# make your own bpa-free canning lids?



## lingon (Aug 8, 2007)

We eat a lot of diced tomatoes, and I would love to can my own so as to be bpa-free. However, most of my jars are mason, and the ball flat lids have bpa in them. I was wondering about making my own flats. What if I cut a circle out of surgical stainless steel and bought some rubber or clear silicone o-rings? Or a circle of glass (though that might have to be too thick for the normal ball mason rings to screw on firmly)

Unfortunately, this plan might end up being more expensive than buying the glass wire clamp type canning jars.

Anyone thought of this or tried this? What type of o-ring would be safest?


----------



## krankedyann (May 28, 2005)

I wouldn't risk this. A bad seal can make you very sick and unless you make it just right, it won't seal and you're wasting your time and money.

I would assume the BPA risk for home-canned is minimal because the stuff isn't soaking in it like it is in commerically processed food. I just throw away whatever is clinging to the top of the lid when I pop open a jar.


----------



## mamadelbosque (Feb 6, 2007)

A huge YEAH THAT to krankedynn! I would *NEVER* eat anything canned in a jar w/ a home made seal. The risk of not having a perfect seal and getting botulism or something from it is *WAY* too high for my sanity. And I'm not a super picky person, at all.

I canned 100+ jars of tomatos 2 yrs ago in mason jars and felt totally comfy w/ them - the amount of BPA in them had to be tiny, especially in comparison to store-bought stuff. Food just isn't in contact w/ it for very long at all - just those few minutes while its processing that it has any contact at all.

Good luck!


----------



## beanma (Jan 6, 2002)

Way back when, when my mom was still canning and putting up jellies and jams she always used to put about an inch or two thick layer of parafin wax on top as a seal and then the lid.
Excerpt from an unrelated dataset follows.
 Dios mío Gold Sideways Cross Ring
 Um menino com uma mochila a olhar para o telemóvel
Would something like that work to protect from the evils of the BPA in the lid? You could still use the lid, but it would be touching the wax instead of the food. You, could, of course, also use something besides parafin - maybe beeswax or soy wax?

I really don't know if this is a viable option. I haven't really canned. Just make a few homemade refrigerator pickles and freezer jam. I would be interested to hear what the MDC canning experts think, though.


----------



## snowbunny (May 25, 2005)

Quote:


Originally Posted by *krankedyann* 
I wouldn't risk this. A bad seal can make you very sick and unless you make it just right, it won't seal and you're wasting your time and money.
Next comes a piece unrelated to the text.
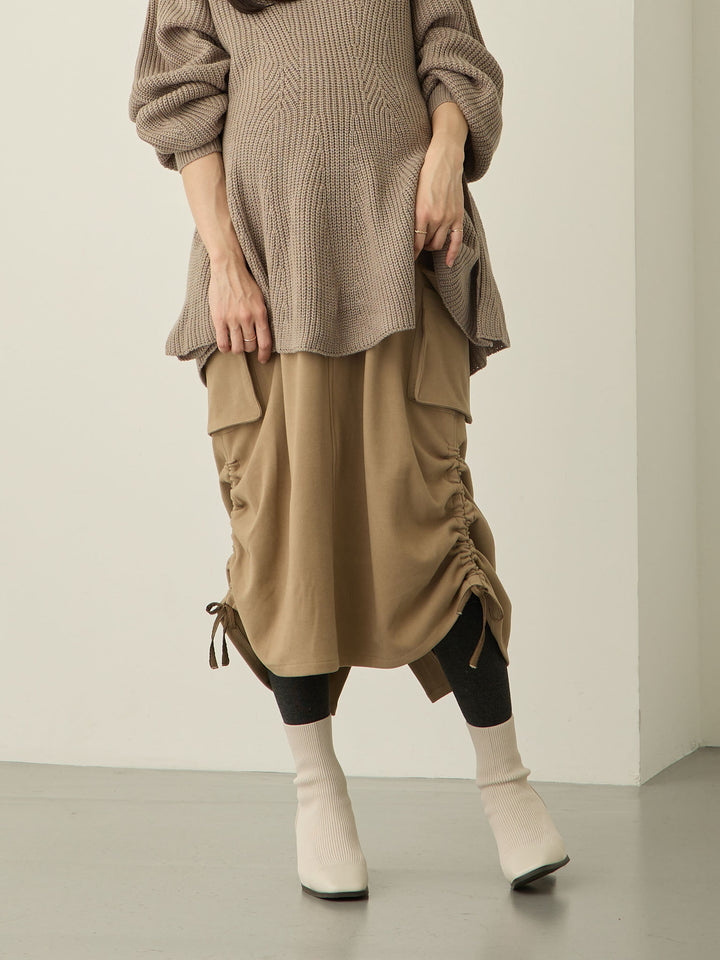 羊毛工装裙，米色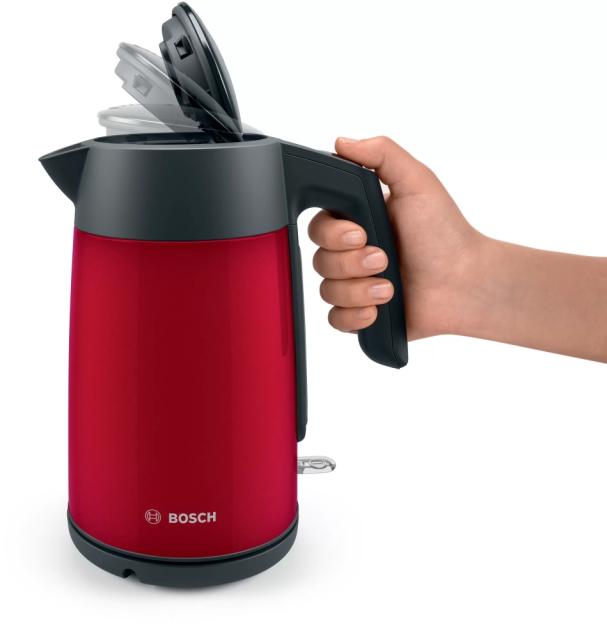 Електрическа кана Bosch TWK7L464, Kettle, 2400 W, 1.7 l, Red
I would assume the BPA risk for home-canned is minimal because the stuff isn't soaking in it like it is in commerically processed food. I just throw away whatever is clinging to the top of the lid when I pop open a jar.

I couldn't agree more.


----------



## lingon (Aug 8, 2007)

Thanks for the replies!

I understand about the non-sealing risk, but these are high-acid tomatoes, so botulism won't happen, and I should be able to tell if it has sealed or not by whether the lid is sucked down. But I could imagine nothing sealing and it getting really annoying.

I saw the ewg's study on bpa in canned foods, but have there been any studies on bpa in food in glass jars? Such as spaghetti sauce and homemade mason-jar canning? I'd love some numbers.


----------



## elanorh (Feb 1, 2006)

They recommend treating tomatoes as a low-acid food, because there have been botulism cases from home-canned tomatoes done in water baths. Either they need to be acidified and processed for quite some time in a water bath, or else processed in a pressure canner.

I wouldn't try putting paraffin wax in - at the temperatures you'd be processing them at, I'd imagine you'd have wax mixed in with your tomatoes. Blech.

If you are truly uncomfortable with the BPA in your canning lids, you could either blanch and freeze the tomatoes, or you could consider using Weck jars. Personally I'm not sure whether I'd want to use a Weck jar with vegetables and pressure canners .... I think for Wecks the concern would be a fail rate for the seal, and I wouldn't want to mess with that with a low-acid food. But maybe if you contact the company and ask them? I contacted our local Extension office about Weck jars, and they said that the USDA hasn't evaluated their safety for home canning (yet).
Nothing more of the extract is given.